Edmond Fleg, une parole pour notre époque troublée
Contributions
Publié le 6 juillet 2024
par Ben LANDAU (Times of Israël)
Edmond Fleg, Nous de l’Espérance, Paris, Masque d’Or, 1948. Couverture.
Qui connaît encore Edmond Fleg? Si vous êtes à Paris, et que vous allez sur l’Ile Saint-Louis, au n°1 du Quai aux fleurs, vous verrez la plaque commémorative annonçant qu’il a vécu là, voisin de Vladimir Jankélévitch, et qu’il était « poète, dramaturge, romancier ».
Tout cela est vrai, et lui a valu une renommée qui explique la plaque. Mais ceux des Juifs qui se souviennent de Fleg, plus que ces trois qualificatifs, voient en lui un prophète. Oh, pas un illuminé qui court les rues de la ville en annonçant le contenu de ses visions. Mais quelqu’un qui avait une hauteur de vue, qui lui a fait distinguer clairement bien des choses, longtemps avant la plupart des gens.
Il a été, par exemple, l’un des rares Juifs Français à tirer la conclusion sioniste de l’affaire Dreyfus. Il a surtout été le concepteur et l’initiateur de ce qu’il est convenu d’appeler l’École de Paris de pensée juive, en fondant les Colloques des Intellectuels Juifs de langue française, rapidement devenus une institution.
La richesse intellectuelle et la vivacité du Judaïsme en France dans la deuxième moitié du 20e siècle est le résultat de cette activité, que Fleg a pensée et mise en place. Il en a même été le premier intervenant, insufflant par là une inspiration et une direction
En relisant Fleg, ces jours-ci, je ne peux pas m’empêcher de penser à la situation actuelle. Il y a tant d’injustices dans l’ « Israël bashing » actuel ! Comment l’opinion publique en Europe ou aux États-Unis peut-elle à ce point voir la situation actuelle comme étant la responsabilité unilatérale d’Israël ? Pourquoi tant de gens soutiennent une organisation terroriste dont les valeurs sont radicalement opposées à celles de nos démocraties libérales ? Et comment la réaction à cet aveuglement sélectif se résume à une régression vers l’extrême-droite ?
Quelques mots de Fleg permettent d’analyser la situation.
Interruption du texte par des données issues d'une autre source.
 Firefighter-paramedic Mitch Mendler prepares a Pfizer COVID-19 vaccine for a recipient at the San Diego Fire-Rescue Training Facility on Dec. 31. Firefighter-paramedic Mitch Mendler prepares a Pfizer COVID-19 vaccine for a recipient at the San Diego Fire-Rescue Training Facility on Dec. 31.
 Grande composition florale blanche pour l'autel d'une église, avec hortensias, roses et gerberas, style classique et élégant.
Il s’agit d’un jugement qu’il émet dans un livre paru en 1948, à un moment où on pourrait croire qu’enfin le monde va être pacifié, après Auschwitz, et après Hiroshima :
« Mais si, aujourd’hui, après ce que j’ai vu, je rabâche encore cette rengaine hébraïque, c’est que je suis gâteux depuis Abraham, et que je le resterai jusqu’au Jugement dernier !
Je le savais, pourtant, que ces nations repues, qui se prétendent vertueuses, nomment vertu la digestion de leurs anciens crimes. Leur amour de la paix n’est qu’une fatigue : leur goût des libertés, qu’un luxe avant la mort. Toutes ont commencé à la manière des autres, par l’oppression et le massacre : elles vont finir comme elles ont commencé. »
Quelle actualité! Quelle vision! Ça fait froid dans le dos, de voir que ce qu’il écrit il y a 75 ans a encore cours, et peut-être même plus que jamais. Il peut être utile de se rappeler que ces quelques mots sont publiés dans le livre qui porte le slogan ultime d’Edmond Fleg, ce slogan qui est le fond du message juif pour le même Fleg : “Nous, de l’espérance”.